Dr Douglas left Bermuda in the 1950s, having been inspired by Arthur Samuel Jones, the pastor of Allen Temple AME, to lay down his tools as an apprentice plumber and pick up the Cross. The decision changed the course of his life.
“Goodie”, as he was known to family and close friends, was thrust into the lion’s den upon his arrival at Kittrell College, a North Carolina institution associated with the AME church for more than 90 years.
While there, Dr Douglas encountered the brutal realities of the Jim Crow racism that pervaded the political, economic and social strata of the Deep South, and determined he would do something to change it.
Upon graduating from Kittrell College, he attended Virginia Union University in Richmond, Virginia. While pursuing his graduate studies, he challenged the treacherous actions of the Ku Klux Klan in labour disputes and demonstrations held by the Student Nonviolent Co-ordinating Committee, one of the most important organisations of the Civil Rights Movement in the 1960s.
While pastor of Beulah Temple AME Church, Dr Douglas worked with civil rights activists, orchestrating sit-ins at lunch counters and other segregated public spaces.
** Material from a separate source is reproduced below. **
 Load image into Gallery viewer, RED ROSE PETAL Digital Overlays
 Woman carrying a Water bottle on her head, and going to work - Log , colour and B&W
He was also an instrumental member of both the NAACP and the Southern Christian Leadership Conference. Through those connections he and a contingent of his church members participated in the historic March on Washington at which the Reverend Martin Luther King delivered his I Have a Dream speech.
Dr Douglas served the African Methodist Episcopal Church 2nd District for 20 years as the presiding elder of the Capitol District of the Washington Annual Conference.
In that role, he led more than 40 congregations and more than 40,000 members of the AME Church in Washington, Maryland and Virginia.
Under his astute leadership, the Capitol District grew spiritually, financially, and numerically. As a result of his community outreach throughout the US and in Africa, the imprint of his leadership was far and wide.
Dr Douglas retired in 2014, having served 55 years in the ministry. He passed away on August 20. His memorial service was held on August 26 at Reid Temple AME Church in Maryland.
He was eulogised as an agent of change and a mentor to many. Direct and deliberate in his management style, he was also comforting and politely persuasive. He was known to get the job done. In honour of his lifelong service to his church and community, the senator of the state of Maryland applauded him as a great statesman and churchman.
Dr Douglas will be sadly missed by his wife, two children, grandchildren and family in Bermuda.
• Update: this article has been amended to correct that the woman in the photograph with the Reverend Goodwin Douglas is Vera Commissiong and not Betty Furbert-Woolridge
• A clarification to my article last week: the Reverend Winston Rawlins was affirmed as an ordained minister and elevated to the position of elder. The present minister of Emmanuel Baptist Church is Georgette Prime-Godwin and has been since October 2015.